From 1a58b547e2143b790ccf4299dbee70018f829c35 Mon Sep 17 00:00:00 2001
From: Fabrice Le Goff <fabrice.le.goff@cern.ch>
Date: Mon, 24 Oct 2022 16:49:28 +0200
Subject: [PATCH] added: CPU and storage devices monitoring published to IS
 (configurable)

---
 Configs/configparsertest_modifiedvalues.cfg |   4 +-
 Script/cs/Threads/InfoServiceThread.py      | 191 ++++++++++++++++----
 Script/cs/Tools/ConfigParser.py             |   8 +
 Script/cs/Tools/LogConfig.py                |   3 -
 UnitTests/ConfigParser_Test.py              |   4 +
 UnitTests/InfoServiceThread_Test.py         |   2 +
 6 files changed, 168 insertions(+), 44 deletions(-)

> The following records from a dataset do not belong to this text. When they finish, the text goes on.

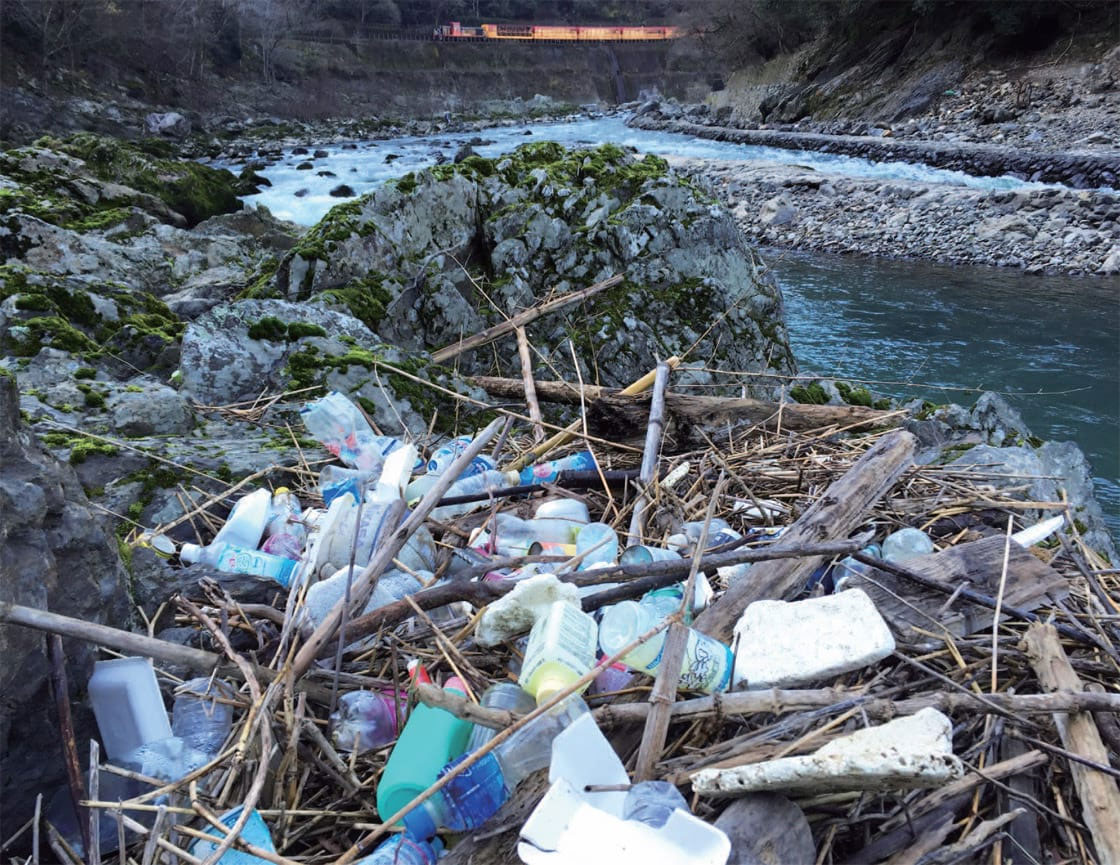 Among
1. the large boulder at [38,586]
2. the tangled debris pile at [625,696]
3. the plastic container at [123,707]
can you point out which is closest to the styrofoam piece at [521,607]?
the tangled debris pile at [625,696]

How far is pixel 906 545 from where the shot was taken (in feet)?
7.10

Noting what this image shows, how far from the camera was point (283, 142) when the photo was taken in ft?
104

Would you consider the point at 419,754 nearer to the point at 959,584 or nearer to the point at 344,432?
the point at 959,584

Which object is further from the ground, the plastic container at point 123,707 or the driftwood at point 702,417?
the driftwood at point 702,417

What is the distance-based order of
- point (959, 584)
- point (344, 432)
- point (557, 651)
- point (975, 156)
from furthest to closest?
1. point (975, 156)
2. point (344, 432)
3. point (959, 584)
4. point (557, 651)

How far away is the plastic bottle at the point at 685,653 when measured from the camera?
5.26 feet

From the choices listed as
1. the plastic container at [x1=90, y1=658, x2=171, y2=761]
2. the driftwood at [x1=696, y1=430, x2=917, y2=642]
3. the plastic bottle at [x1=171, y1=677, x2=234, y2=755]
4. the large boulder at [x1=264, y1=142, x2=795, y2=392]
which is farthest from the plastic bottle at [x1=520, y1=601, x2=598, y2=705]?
the large boulder at [x1=264, y1=142, x2=795, y2=392]

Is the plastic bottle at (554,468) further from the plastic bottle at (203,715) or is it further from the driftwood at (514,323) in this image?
the driftwood at (514,323)

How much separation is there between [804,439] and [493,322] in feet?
7.39

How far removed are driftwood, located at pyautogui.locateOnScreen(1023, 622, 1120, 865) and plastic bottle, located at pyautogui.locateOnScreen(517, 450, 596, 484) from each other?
4.93 feet

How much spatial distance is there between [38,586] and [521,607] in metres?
0.99

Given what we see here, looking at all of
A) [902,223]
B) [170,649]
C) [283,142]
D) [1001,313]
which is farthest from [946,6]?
[170,649]

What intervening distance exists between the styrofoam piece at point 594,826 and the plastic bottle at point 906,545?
1.17 meters

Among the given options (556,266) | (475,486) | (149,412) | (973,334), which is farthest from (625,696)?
(973,334) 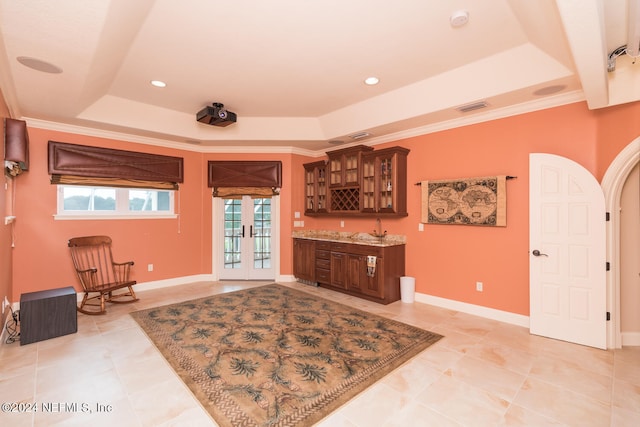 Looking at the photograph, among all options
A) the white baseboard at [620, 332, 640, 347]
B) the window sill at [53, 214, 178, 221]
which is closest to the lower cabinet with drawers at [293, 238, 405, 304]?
the white baseboard at [620, 332, 640, 347]

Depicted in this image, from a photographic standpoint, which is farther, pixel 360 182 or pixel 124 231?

diff --git a/Configs/configparsertest_modifiedvalues.cfg b/Configs/configparsertest_modifiedvalues.cfg
index c3b0b01..b01eafa 100644
--- a/Configs/configparsertest_modifiedvalues.cfg
+++ b/Configs/configparsertest_modifiedvalues.cfg
@@ -32,8 +32,10 @@ ISEnabled: True
 ISPartition: 'ispartition'
 ISServer: 'isserver'
 ISPublicationPeriod: 1
-ISFileSystemInfoEnabled: True
 ISWaitAfterParitionValid: 1
+ISCpuStatsEnabled: True
+ISFileSystemInfoEnabled: True
+ISStorageIoStatsDevices: ['abc', 'def']
 DBURL: 'basededonnees'
 DBFileTable: 'filetable'
 DBLBTable: 'lbtable'
diff --git a/Script/cs/Threads/InfoServiceThread.py b/Script/cs/Threads/InfoServiceThread.py
index c1d574c..2a81687 100644
--- a/Script/cs/Threads/InfoServiceThread.py
+++ b/Script/cs/Threads/InfoServiceThread.py
@@ -1,24 +1,24 @@
 #!/usr/bin/env tdaq_python
 import threading
-import os
+import psutil
 from datetime import datetime
 import ispy
 
 from cs.Tools.utils import thread_id_string
 from cs.Tools.utils import getmountpoint
-from cs.Tools.LogConfig import enable_file_logging, make_tdaq_app_name, make_fs_data_identifier, make_is_data_identifier
+from cs.Tools.LogConfig import enable_file_logging, make_tdaq_app_name, make_is_data_identifier
 
 # --------------------------------
-# The XML schema associated with CastorScript's IS classes, defining
-# CastorScriptState and FileSystemInfo, is part of the SFOng package, because
-# the schema needs to be deployed in to the TDAQ release and CastorScript is not
-# a TDAQ project.
+# The XML schema associated with CastorScript's IS classes, is part of the SFOng
+# package, because the schema needs to be deployed in to the TDAQ release and
+# CastorScript is not a TDAQ project:
+# https://gitlab.cern.ch/atlas-tdaq-software/SFOng/-/blob/master/schema/CastorScript.IS.schema.xml
 # --------------------------------
 
 class InfoServiceThread(threading.Thread):
 
     def __init__(self, conf, exitevent, copy_thread, delete_thread, manager_thread):
-        threading.Thread.__init__(self, name="InfoServiceThread")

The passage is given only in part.